- Film poster
- Directed by: P. Iyyappan
- Produced by: S. Nandakumar
- Starring: Abhilash Leema Babu Thenaali
- Music by: Roshan Joseph
- Release date: 7 December 2018;
- Running time: 110 minutes
- Country: India
- Language: Tamil

= Dhoni Kabadi Kuzhu =

2018 Indian Tamil-language sports drama film by P. Iyyappan

Dhoni Kabadi Kuzhu (lit. 'Dhoni Kabaddi team') is a 2018 Indian Tamil language sports drama film written and directed by P. Iyyappan on his directorial debut. The film stars Abhilash and Leema Babu in the main lead roles. The film is based on the clash of two sports cricket and kabaddi. The film had its theatrical release on 7 December 2018 and received extremely negative reviews from the critics. The film was described as an awful discredit to the sport of kabaddi.
Song lyrics written by Na.Rasa

== Synopsis ==
Tharani (Abhilash) and his friends who are die ardent fans of MS Dhoni, do nothing for a living except for playing gully cricket in their local ground. On one day they realized that their playground has been sold to a local goon/gangster and had to reclaim it by paying whopping Rs3 lakhs within a space of 10 days. However they couldn't afford to pay the entire money as they were unable to collect the adequate amounts of money. They decide to take part in a kabaddi match to win the prize money.

== Cast ==

- Abhilash as Tharani
- Leema Babu
- S. Nandakumar
- Rishi
- C. N. Prabhakaran
- Thenali
- Yogesh
- Sivaraj
- Senthil
- Velmurugan
- Telephone Mani
- Ashok
- Azhagappan
- Desingu Raja
- Saranya
- Vijay Gautham
- E. R. Pugazh
- Vijith Saravanan
- Nivetha
- Sakthivel Murugan
- Kantha
- Prabhakaran
- Appasamy
- Srimathi
- Naveen Shankar
- Peter
- Thendral Sasikumar

== Production ==
The film was announced by debutant director P. Iyyappan who served as former associate of director A. Venkatesh.

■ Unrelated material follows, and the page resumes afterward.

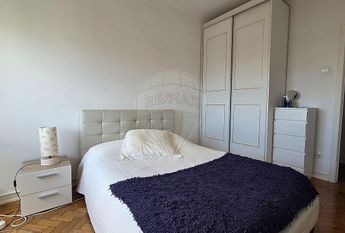 Apartamento T4 em Lisboa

The film title was also inspired from the life of Dhoni.

==Soundtrack==
Soundtrack was composed by Roshan Joseph.
- "Kannal Iva Kavitha Pesura" - Gunasekaran
- "Apulla Apulla" - Roshan Joseph C. J.
- "Ithu Jaikkapora" - Velmurugan
- "Thadaigalai Udaithidu" - Mukesh Mohamed
- "Iva Ooru Kallakuruchi" - V. V. Prasanna

==Reception==
Times of India wrote " Despite its honourable intention of glorifying kabadi, Dhoni Kabadi Kuzhu is an amateurish exercise that struggles to keep us hooked, mainly due to the bland performances are bland, and the flat filmmaking". Indian Express wrote "For a film which talks at length about the pride of Tamil and kabaddi, Dhoni Kabadi Kuzhu ends up being a discredit to both due to its incredibly careless writing and making." News Today wrote "It is honourable that the makers have tried to give their best and build up a good image for our native sport, kabaddi. But, it is sad that though their attempts are praiseworthy, they have botched up a bit in the execution. The film is dragging in the first half and the humour, if any, fails to make us laugh on most occasion. Things get better in the second half though as the movie gets in on the kabaddi action. But what is funny is that the serious and tense moments that the director hopes to make us sit on the edge of the seat, do the exact opposite and make us laugh".